Hacker Newsnew | past | comments | ask | show | jobs | submitlogin
The Super Tiny Compiler (github.com/jamiebuilds)
126 points by stefankuehnel on March 3, 2023 | hide | past | favorite | 42 comments


I thought is was about this: https://bellard.org/otcc/otcc.c (a tiny, obfuscated C compiler, winner of the 2001 IOCCC). It has led to TinyCC (https://bellard.org/tcc/), not as tiny, but also more complete, not obfuscated and actually useful.

It turns out the compiler in the article is the opposite of that. It it a simple toy transpiler and the code is very clear and mostly made of comments. The former is a feat of optimization, the latter is a tutorial.


One of my favorites is the self-hosting Haskell compiler from the 2019 IOCCC: https://www.ioccc.org/2019/lynn/hint.html

There is a series of articles on how it was built here: https://crypto.stanford.edu/~blynn/compiler/


Whenever the subject of tiny learning-oriented compilers comes up, I always recommend C4: https://news.ycombinator.com/item?id=8558822

It's a tiny self-compiling compiler which also includes a bytecode interpreter, and terse but also very understandable.


Lots of tiny, self-hosting compilers here: http://t3x.org

For example:

Compiler for a procedural language, compiling to binary in 1500 lines: http://t3x.org/t3x/comp.html

Super-portable tiny compiler for DOS, CP/M, Unix, and a VM: http://t3x.org/t3x/index.html#0

Self-hosting LISP compiler in 400 lines: http://t3x.org/lfn/liscmp.lisp.html


Related:

A dynamic tutorial about a compiler in one JavaScript file (2016) - https://news.ycombinator.com/item?id=30129911 - Jan 2022 (7 comments)

An ultra-simplified example of a modern compiler written in JavaScript - https://news.ycombinator.com/item?id=22522208 - March 2020 (27 comments)

Super Tiny Compiler - https://news.ycombinator.com/item?id=11395656 - March 2016 (100 comments)


Question to compiler writers : when is it useful, if ever, to tokenize the whole input beforehand (as done here) ?

You wouldn't catch an early syntax error and would go on tokenizing till the end for nothing.

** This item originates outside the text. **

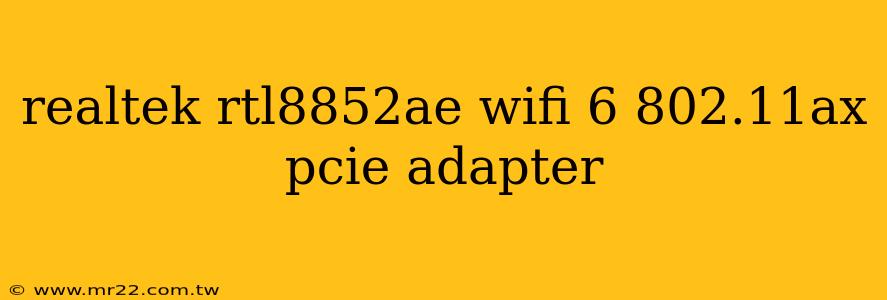 realtek rtl8852ae wifi 6 802.11ax pcie adapter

Some compilers tokenize while parsing, but for a different reason: it's faster and uses less memory to generate the AST (and sometimes even do analyses) while you're reading the input than to allocate and store a giant list of tokens and then parse that.

Most compilers try not to fail when they encounter a syntax error, they try to "recover" and parse the remaining document, usually starting from the next valid statement or declaration. This lets them report more syntax errors and moreover, is very important for good IDE support (if you've ever used an IDE/language combo where you only get completion after you've written the code, you know why). Although if the syntax error messes up tokenization (e.g. missing quote or end comment) it usually screws up the rest of the document anyways.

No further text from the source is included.